Heroku told us that it's not trivial to connect to SQLServer, in particular as they don't support FreeTDS. Their support staff recommended to run an instance with the import gem from a laptop in our office and configure it to connect to their database (which requires a dedicated DB, not the free shared one). This sounded like the most palatable approach to us.
Secondly, regarding security that was mentioned by #Justice, we discussed configuring SSL for SQLServer with the hosting company and they pointed out the complexities of this. They recommended VPN as an easier solution. As we don't have office-side VPN hardware, the simplest and free solution proved to be an SSH tunnel.

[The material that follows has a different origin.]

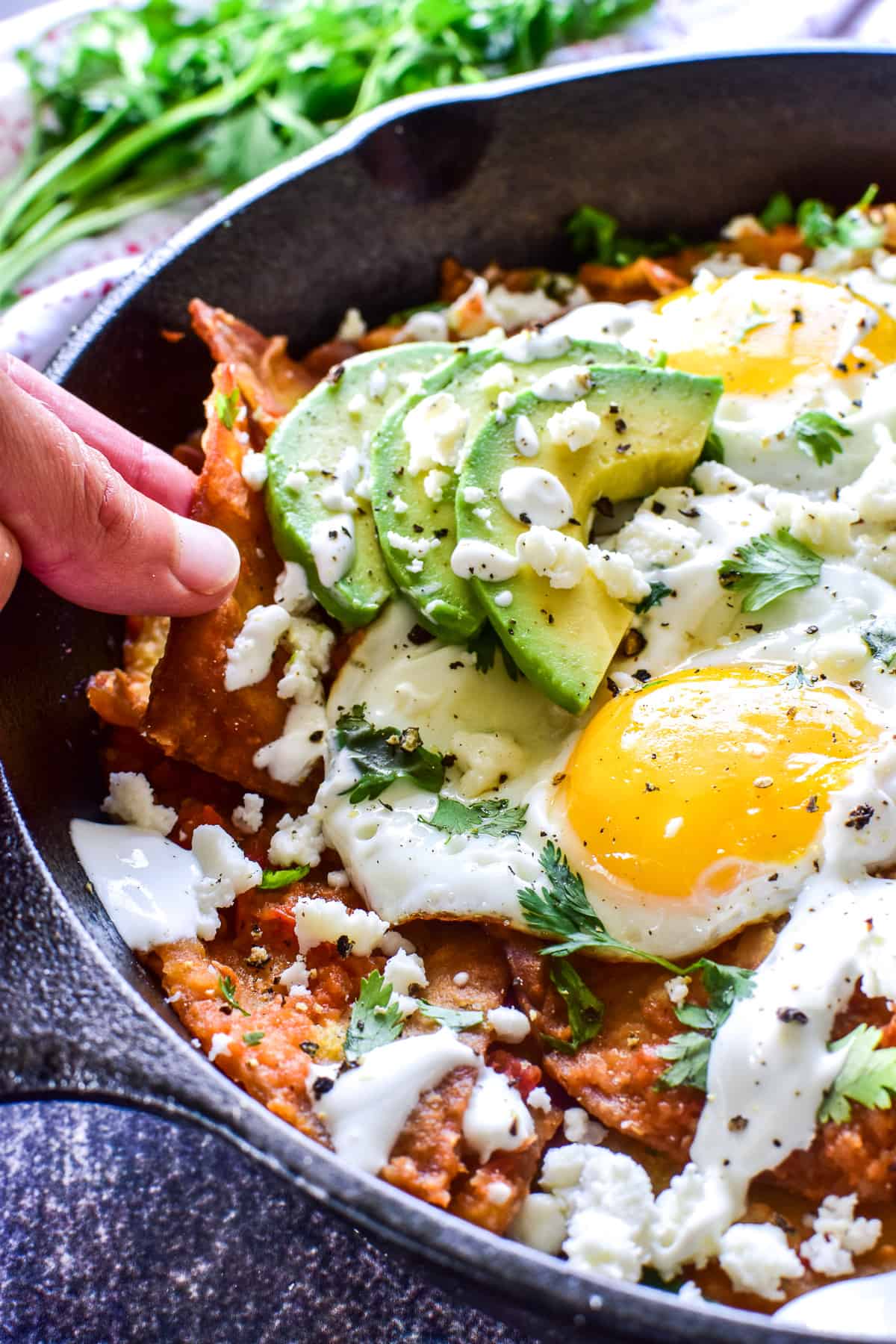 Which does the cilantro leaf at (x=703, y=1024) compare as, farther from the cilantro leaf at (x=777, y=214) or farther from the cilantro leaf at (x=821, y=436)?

We've set up an SSH tunnel from the laptop to the SQLServer Windows box. That was straightforward. We had CopSSH installed on Windows (which comes with a Linux shell, by the way) and we were able to simply set up a tunnel, having the laptop talk to localhost for its SQLServer connection, i.e.:
ssh -L 1433:localhost:1433 user#windows_server_name
I did not know Heroku has FreeTDS on it? I was told they did not. TinyTDS if used with FreeTDS 0.91 can have a zero freetds.conf dependency and be driving by runtime connection args. We are looking into building an Ubuntu 10.4 native gem that statically links 0.91 with OpenSSL so you can just drop it into Heroku and us it to connect to Azure and/or you own outside DB.